The nonprofit sector holds billions of dollars in investments. If that money is diverted towards organizations working to improve society and paying returns then the charitable sector as a whole can leverage even more benefit from their work. For example, social enterprises and impact investments can be effective ways of charities stretching their social and environmental impact much further. Foundations are already starting to do this with their endowments, but there’s no reason why charities with endowments couldn’t do the same.
But if charity investments are focused more on maximizing financial return, then the outcomes may be antithetical to the end result charities are working towards. Not only should charities be swayed by this ethical imperative to increase social benefit rather than fighting against it, but they should also note that polls show the majority of individuals would have a negative opinion of and be less likely to give to charities that invest contrary to their mission.
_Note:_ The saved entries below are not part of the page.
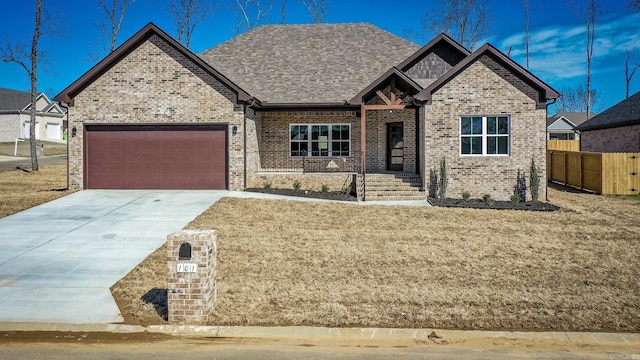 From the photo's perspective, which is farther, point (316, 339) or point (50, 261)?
point (50, 261)

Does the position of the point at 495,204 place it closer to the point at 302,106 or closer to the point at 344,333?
the point at 302,106

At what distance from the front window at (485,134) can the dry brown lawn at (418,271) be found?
3871 millimetres

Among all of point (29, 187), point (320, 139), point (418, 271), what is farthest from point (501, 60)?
point (29, 187)

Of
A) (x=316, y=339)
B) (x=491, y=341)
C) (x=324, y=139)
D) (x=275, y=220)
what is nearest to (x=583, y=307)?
(x=491, y=341)

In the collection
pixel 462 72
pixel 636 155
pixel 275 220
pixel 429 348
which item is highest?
pixel 462 72

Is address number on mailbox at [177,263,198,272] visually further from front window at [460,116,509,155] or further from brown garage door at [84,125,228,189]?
front window at [460,116,509,155]

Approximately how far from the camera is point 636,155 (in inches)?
774

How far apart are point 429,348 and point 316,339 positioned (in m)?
1.33

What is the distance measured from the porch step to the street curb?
448 inches

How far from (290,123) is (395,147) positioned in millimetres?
4828

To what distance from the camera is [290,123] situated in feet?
68.0

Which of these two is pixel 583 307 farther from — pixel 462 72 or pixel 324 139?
pixel 324 139

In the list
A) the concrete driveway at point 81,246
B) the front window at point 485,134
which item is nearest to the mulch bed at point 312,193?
the concrete driveway at point 81,246

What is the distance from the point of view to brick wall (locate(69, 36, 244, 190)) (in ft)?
57.6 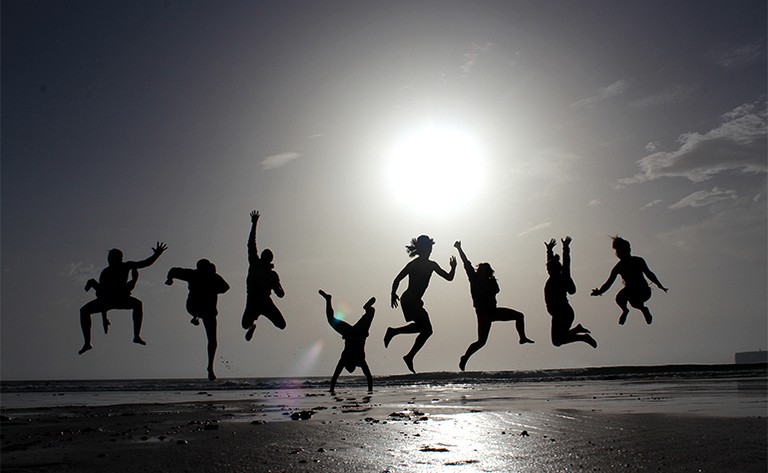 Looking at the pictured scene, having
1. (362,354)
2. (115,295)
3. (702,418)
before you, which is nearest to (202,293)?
(115,295)

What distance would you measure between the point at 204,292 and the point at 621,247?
10057 millimetres

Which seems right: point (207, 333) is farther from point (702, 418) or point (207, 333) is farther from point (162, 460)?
point (702, 418)

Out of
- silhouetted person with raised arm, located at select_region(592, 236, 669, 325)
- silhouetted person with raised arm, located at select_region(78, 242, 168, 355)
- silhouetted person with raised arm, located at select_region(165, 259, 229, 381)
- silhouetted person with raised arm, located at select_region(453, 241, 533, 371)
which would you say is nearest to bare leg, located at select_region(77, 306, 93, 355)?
silhouetted person with raised arm, located at select_region(78, 242, 168, 355)

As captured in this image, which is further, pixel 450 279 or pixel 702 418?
pixel 450 279

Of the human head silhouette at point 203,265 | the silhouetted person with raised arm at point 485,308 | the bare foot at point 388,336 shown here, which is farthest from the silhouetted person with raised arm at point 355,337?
the human head silhouette at point 203,265

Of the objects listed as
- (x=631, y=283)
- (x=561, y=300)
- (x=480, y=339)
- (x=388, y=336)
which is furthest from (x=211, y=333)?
(x=631, y=283)

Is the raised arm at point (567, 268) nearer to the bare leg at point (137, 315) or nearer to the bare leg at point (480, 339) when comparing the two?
the bare leg at point (480, 339)

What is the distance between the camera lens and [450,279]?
14906 millimetres

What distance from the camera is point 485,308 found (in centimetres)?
1520

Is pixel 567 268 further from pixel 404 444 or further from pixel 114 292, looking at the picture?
pixel 114 292

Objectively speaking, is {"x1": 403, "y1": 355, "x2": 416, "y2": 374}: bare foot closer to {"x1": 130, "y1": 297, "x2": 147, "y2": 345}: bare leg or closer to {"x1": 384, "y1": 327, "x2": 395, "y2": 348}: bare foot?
{"x1": 384, "y1": 327, "x2": 395, "y2": 348}: bare foot

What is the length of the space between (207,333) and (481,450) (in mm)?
8727

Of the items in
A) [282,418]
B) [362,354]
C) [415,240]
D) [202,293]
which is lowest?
[282,418]

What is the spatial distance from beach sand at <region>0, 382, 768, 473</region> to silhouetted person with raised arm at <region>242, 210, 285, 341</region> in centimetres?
333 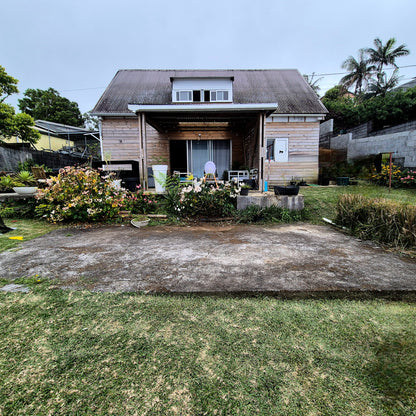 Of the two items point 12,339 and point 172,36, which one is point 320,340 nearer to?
point 12,339

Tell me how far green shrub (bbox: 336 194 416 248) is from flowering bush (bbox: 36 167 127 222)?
4570 millimetres

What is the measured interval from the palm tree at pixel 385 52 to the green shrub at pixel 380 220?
2673 cm

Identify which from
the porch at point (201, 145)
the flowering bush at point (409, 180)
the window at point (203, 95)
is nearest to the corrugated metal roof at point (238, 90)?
the window at point (203, 95)

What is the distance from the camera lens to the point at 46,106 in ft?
86.5

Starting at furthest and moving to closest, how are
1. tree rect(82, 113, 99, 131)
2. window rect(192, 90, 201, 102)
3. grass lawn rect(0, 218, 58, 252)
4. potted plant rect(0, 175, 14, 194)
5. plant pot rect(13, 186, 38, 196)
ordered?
tree rect(82, 113, 99, 131) < window rect(192, 90, 201, 102) < potted plant rect(0, 175, 14, 194) < plant pot rect(13, 186, 38, 196) < grass lawn rect(0, 218, 58, 252)

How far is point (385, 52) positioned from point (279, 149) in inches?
894

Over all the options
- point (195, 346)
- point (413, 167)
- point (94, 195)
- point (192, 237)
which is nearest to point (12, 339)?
point (195, 346)

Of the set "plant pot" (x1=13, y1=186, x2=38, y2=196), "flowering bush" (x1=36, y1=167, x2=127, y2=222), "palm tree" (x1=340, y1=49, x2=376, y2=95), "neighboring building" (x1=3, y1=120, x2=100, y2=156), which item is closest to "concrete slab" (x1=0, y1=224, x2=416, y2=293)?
Result: "flowering bush" (x1=36, y1=167, x2=127, y2=222)

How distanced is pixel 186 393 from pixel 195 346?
0.94ft

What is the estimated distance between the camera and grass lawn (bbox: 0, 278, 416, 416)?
3.34 ft

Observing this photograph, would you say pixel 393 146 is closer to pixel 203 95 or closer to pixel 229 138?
pixel 229 138

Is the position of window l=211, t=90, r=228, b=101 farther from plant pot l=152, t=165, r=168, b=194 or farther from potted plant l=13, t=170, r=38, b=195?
potted plant l=13, t=170, r=38, b=195

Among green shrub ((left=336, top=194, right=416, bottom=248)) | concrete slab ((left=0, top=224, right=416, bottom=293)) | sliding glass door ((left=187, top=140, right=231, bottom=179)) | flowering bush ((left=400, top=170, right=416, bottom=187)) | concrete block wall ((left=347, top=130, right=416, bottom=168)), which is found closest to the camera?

While more and more charities are developing ethical investment policies (about 60% of charities with investments over $1.5m according to EIRIS), there is still a long way to go. Socially responsible investments (SRI) can sometimes be a good filter, but they still have their limitations and can include controversial companies who are ‘best of sector’ performers (which doesn’t matter much if you want to exclude certain sectors). So, each charity’s investment policy – if it is truly going to align with its mission – needs to have input from the Trustees/Board and be developed in a transparent way. Nonprofits can then start to recognize that the buck doesn’t stop at their charitable activities.